MCP Server

Midscene provides a MCP server that allows AI assistants to control browsers, automate web tasks and write automation scripts for Midscene.

MCP Introduction

MCP (Model Context Protocol) is a standardized way for AI models to interact with external tools and capabilities. MCP servers expose a set of tools that AI models can invoke to perform various tasks. In Midscene's case, these tools allow AI models to control browsers, navigate web pages, interact with UI elements, and more.

Use Cases

  • Control browsers to execute automation tasks
  • Automatically generate Midscene automation scripts

Examples

Generate Midscene test cases for the Sauce Demo site

Setting Up Midscene MCP

Prerequisites

  1. An OpenAI API key or another supported AI model provider.
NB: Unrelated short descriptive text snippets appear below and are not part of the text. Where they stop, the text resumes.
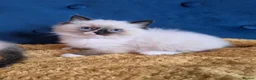 Ragdoll cats for sale: Registered Ragdoll Kittens  - Advert 25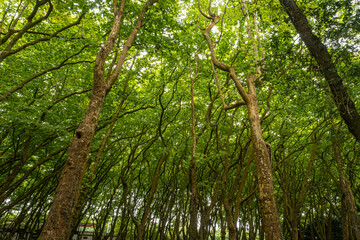 Woods of Rainha D. Leonor , in Caldas da Rainha - Portugal, borders the Parque D. Carlos I and is characterized by its biodiversity and beauty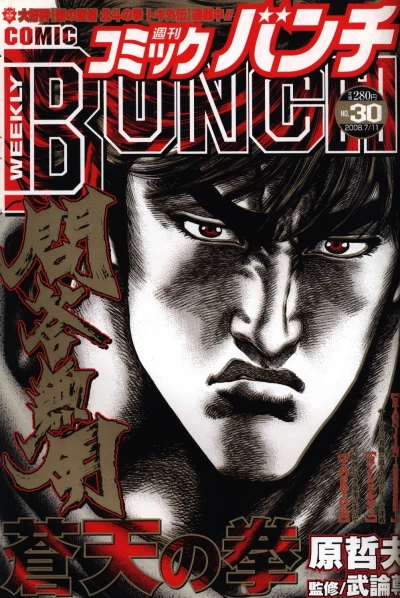 Cover of No. 30, 2008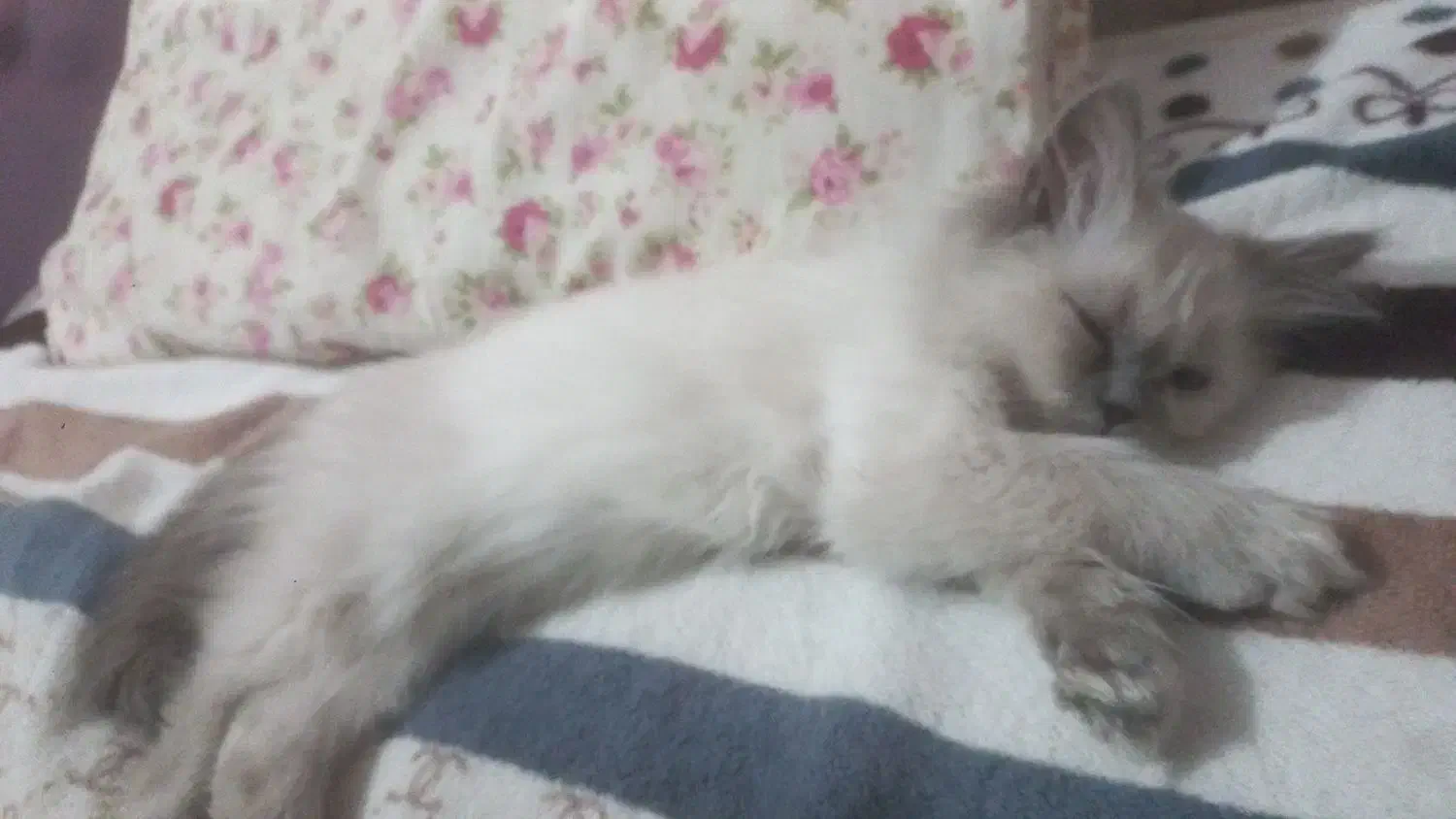 گربه هیمالین|گربه|کرمانشاه, |دیوار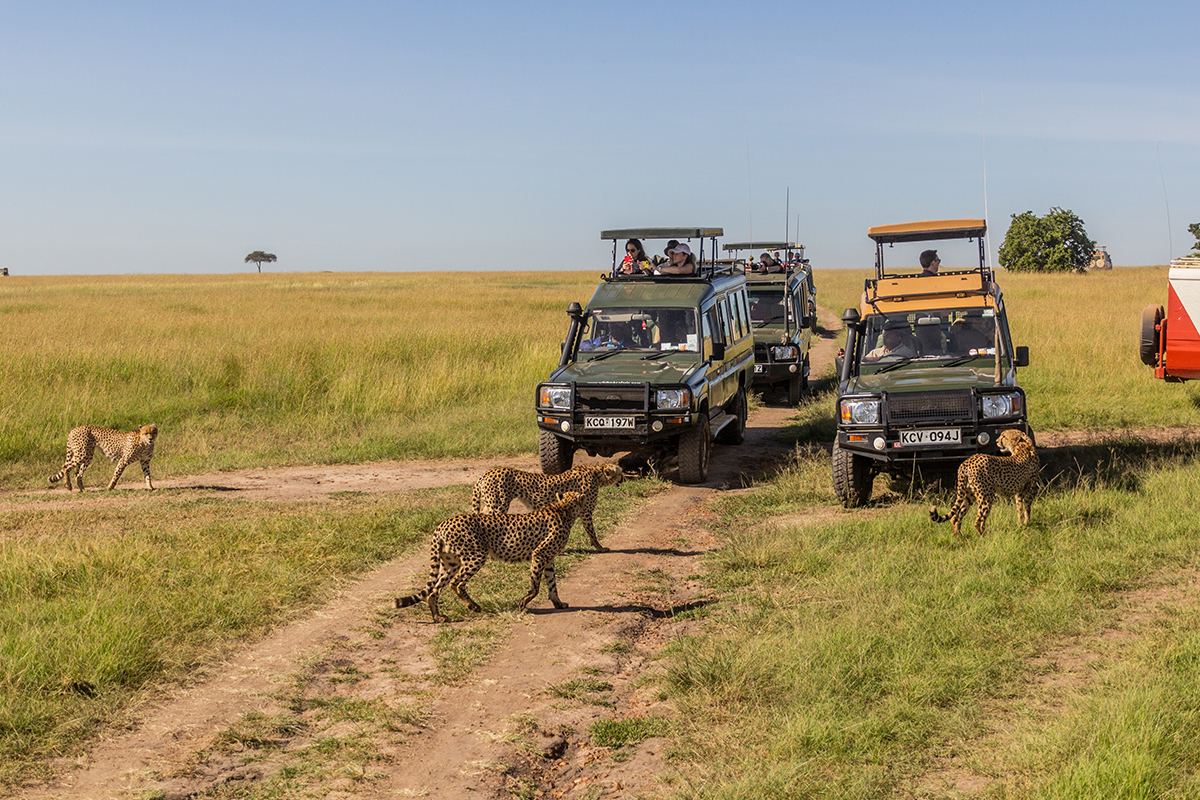 塞倫蓋提繼續追獵！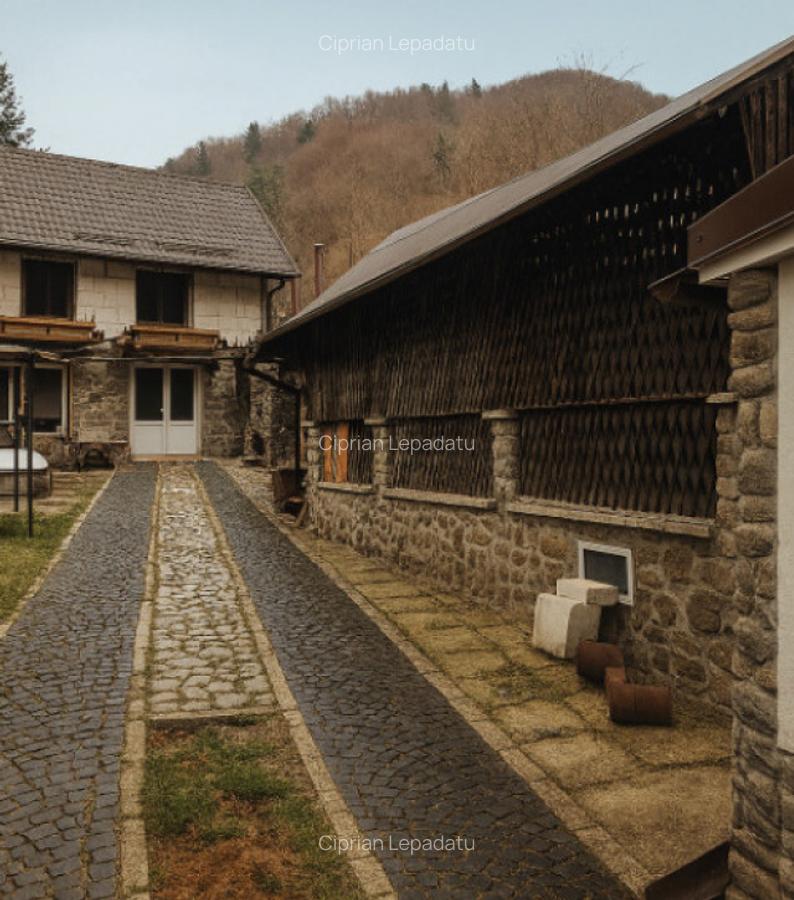 Case de vacanta zona Rasinari - 4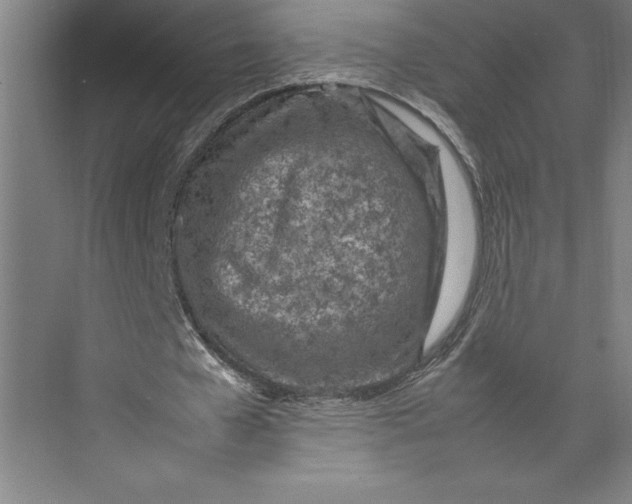 X0000074930577200609221641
For more information, see Choosing an AI Model.
  2. For Chrome browser integration (Bridge Mode):
    • Install the Midscene Chrome extension (download from Chrome Web Extension)
    • Switch to "Bridge Mode" in the extension and click "Allow Connection"

Configuration

Add the Midscene MCP server to your MCP configuration:

{
  "mcpServers": {
    "mcp-midscene": {
      "command": "npx",
      "args": ["-y", "@midscene/mcp"],
      "env": {
        "MIDSCENE_MODEL_NAME": "REPLACE_WITH_YOUR_MODEL_NAME",
        "OPENAI_API_KEY": "REPLACE_WITH_YOUR_OPENAI_API_KEY",
        "MCP_SERVER_REQUEST_TIMEOUT": "800000"
      }
    }
  }
}

For more information about configuring AI models, see Choosing an AI Model.

Available Tools

Midscene MCP provides the following browser automation tools:

Category Tool Name Description
Navigation midscene_navigate Navigate to a specified URL in the current tab
Tab Management midscene_get_tabs Get a list of all open browser tabs
midscene_set_active_tab Switch to a specific tab by ID
Page Interaction midscene_aiTap Click on an element described in natural language
midscene_aiInput Input text into a form field or element
midscene_aiHover Hover over an element
midscene_aiKeyboardPress Press a specific keyboard key
midscene_aiScroll Scroll the page or a specific element
Verification and Observation midscene_aiWaitFor Wait for a condition to be true on the page
midscene_aiAssert Assert that a condition is true on the page
midscene_screenshot Take a screenshot of the current page
Playwright Code Example midscene_playwright_example Provides Playwright code examples for Midscene
  • midscene_navigate: Navigate to a specified URL in the current tab
    Parameters: - url: The URL to navigate to

Tab Management

  • midscene_get_tabs: Get a list of all open browser tabs, including their IDs, titles, and URLs

    Parameters: None
  • midscene_set_active_tab: Switch to a specific tab by ID

    Parameters: - tabId: The ID of the tab to activate

Page Interaction

  • midscene_aiTap: Click on an element described in natural language

    Parameters: - locate: Natural language description of the element to click
  • midscene_aiInput: Input text into a form field or element

    Parameters: - value: The text to input - locate: Natural language description of the element to input text into
  • midscene_aiHover: Hover over an element

    Parameters: - locate: Natural language description of the element to hover over
  • midscene_aiKeyboardPress: Press a specific keyboard key

    Parameters: - key: The key to press (e.g., 'Enter', 'Tab', 'Escape') - locate: (Optional) Description of element to focus before pressing the key - deepThink: (Optional) If true, uses more precise element location
  • midscene_aiScroll: Scroll the page or a specific element

    Parameters: - direction: 'up', 'down', 'left', or 'right' - scrollType: 'once', 'untilBottom', 'untilTop', 'untilLeft', or 'untilRight' - distance: (Optional) Distance to scroll in pixels - locate: (Optional) Description of the element to scroll - deepThink: (Optional) If true, uses more precise element location

Verification and Observation

  • midscene_aiWaitFor: Wait for a condition to be true on the page

    Parameters: - assertion: Natural language description of the condition to wait for - timeoutMs: (Optional) Maximum time to wait in milliseconds - checkIntervalMs: (Optional) How often to check the condition
  • midscene_aiAssert: Assert that a condition is true on the page

    Parameters: - assertion: Natural language description of the condition to check
  • midscene_screenshot: Take a screenshot of the current page

    Parameters: - name: Name for the screenshot

Common Issues

What advantages does Midscene MCP have over other browser MCPs?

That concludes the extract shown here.